Adj. matrix: store an n by n
bool
matrix (where n is the number of vertices). To determine whether there is an edge from x to y look inmatrix[x][y]
.
Breadth-first search: finds shortest paths (in terms of path length) from a source node to as many other nodes are reachable from it, by adding newly discovered nodes to a queue.
Depth-first search: finds paths (not necessarily shortest) from a source node to all reachable nodes. DFS has various useful properties that can expose the structure of the graph (e.g., whether or not it has cycles) while we are exploring it. Example:
Weighted graph algorithms
Weighted graphs have many physical applications: we can think of the edges as being (for example) roads between cities, then the weights become milage. If the graph represents a network of pipes, then the edges might be the flow capacity of a given pipe. Given this intepretation, we can ask for some operations that we might like to perform on weighted graphs:
Find the shortest path from one vertex to another, where “shortest” is defined in terms of the path weight (i.e., the sum of all the weights of the edges in the path), rather than just the number of edges.
Find the maximal flow of a graph between one vertex and another, if we treat the weights as capacities.

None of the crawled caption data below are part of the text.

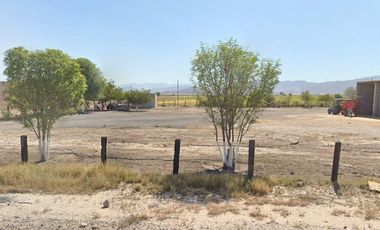 TERRENO EN VENTA EN VENTA EN CARRETERA GOMEZ PALACIO -  LA TORREÑA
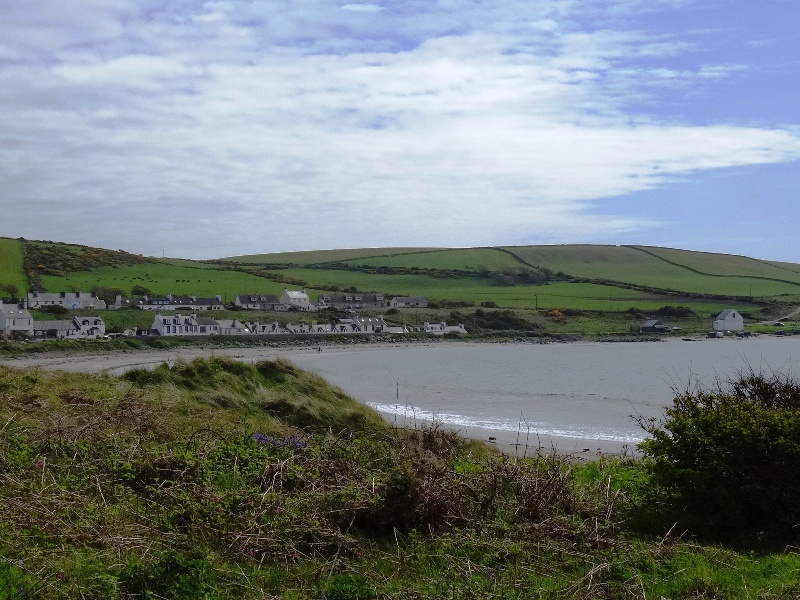 Port Logan Bay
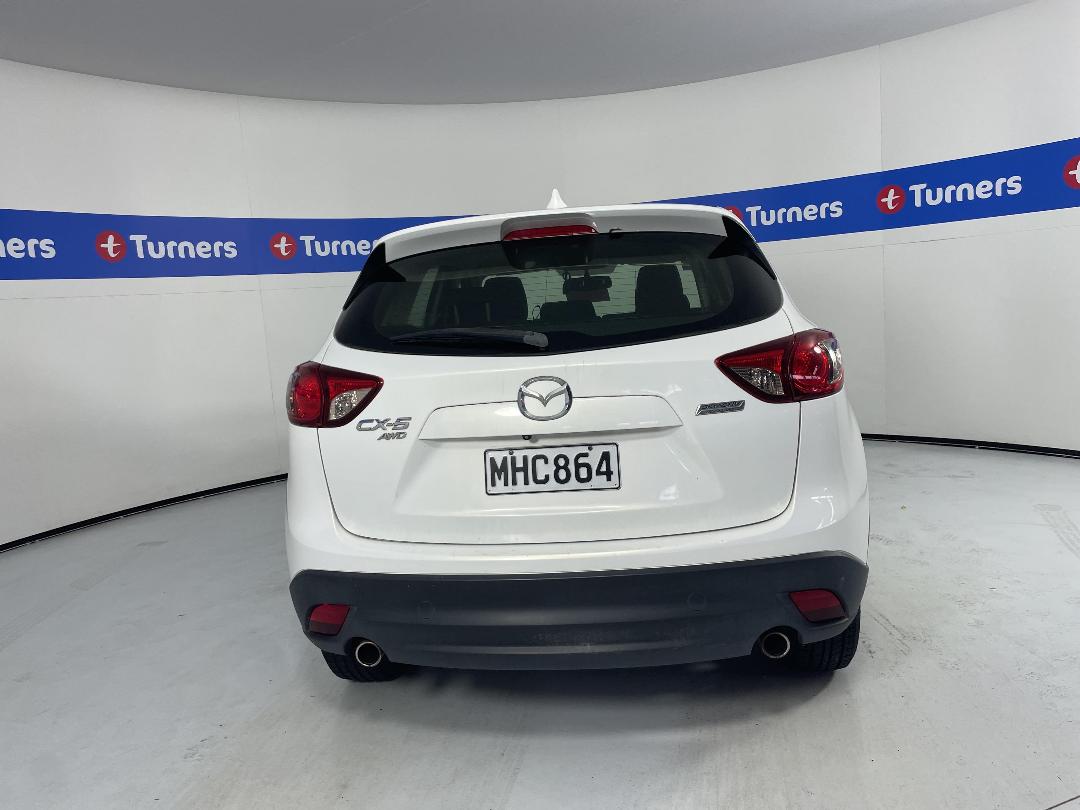 Photo '5' of Mazda CX-5 GSX DSL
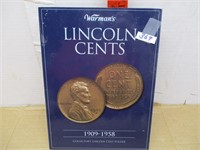 Coin Books Lincoln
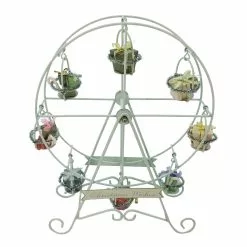 Flash Sale ⌛ 12" Christmas Present Tabletop Ferris Wheel by Ashland® 😉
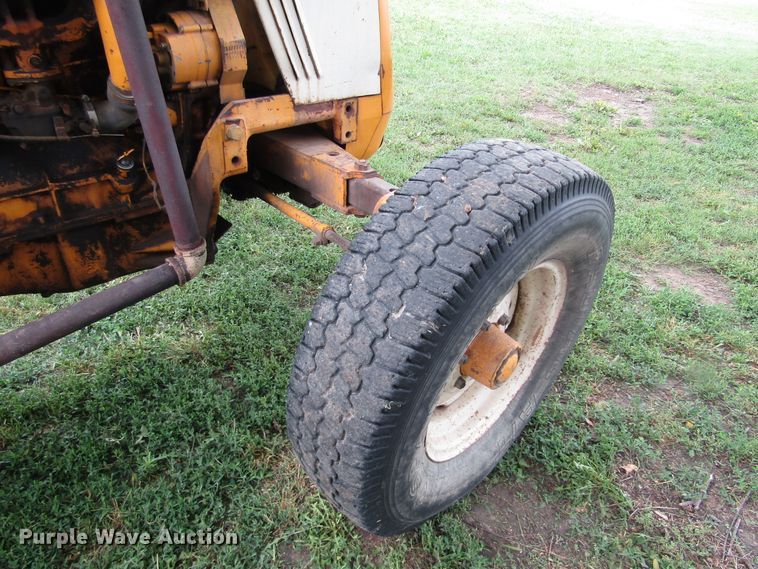 image for item DB4949 International 2400A tractor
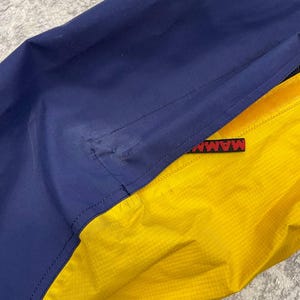 Vintage Mammut Balance Project Gore-Tex Jacket Jacket Gorpcore image 18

Find a minimum spanning tree of an (undirected) weighted graph. The MST is a tree built from edges in the graph (i.e., a “subgraph”) where the sum of all the edges is as small as possible. The MST is useful because it is essentially a graph in which every simple path is the shortest path between its two endpoints; it is not possible to construct a non-shortest path in a MST.
We’re going to assume that nodes in our graphs have a structure like this:
struct node {
float d; // Shortest distance to this node
node* parent; // Pointer to shortest-parent node
};
Shortest path in a weighted graph
What if the edges have weights, how can we find the shortest path(s) in terms of edge weights? (The path weight of a path is just the sum of all the weights along it.)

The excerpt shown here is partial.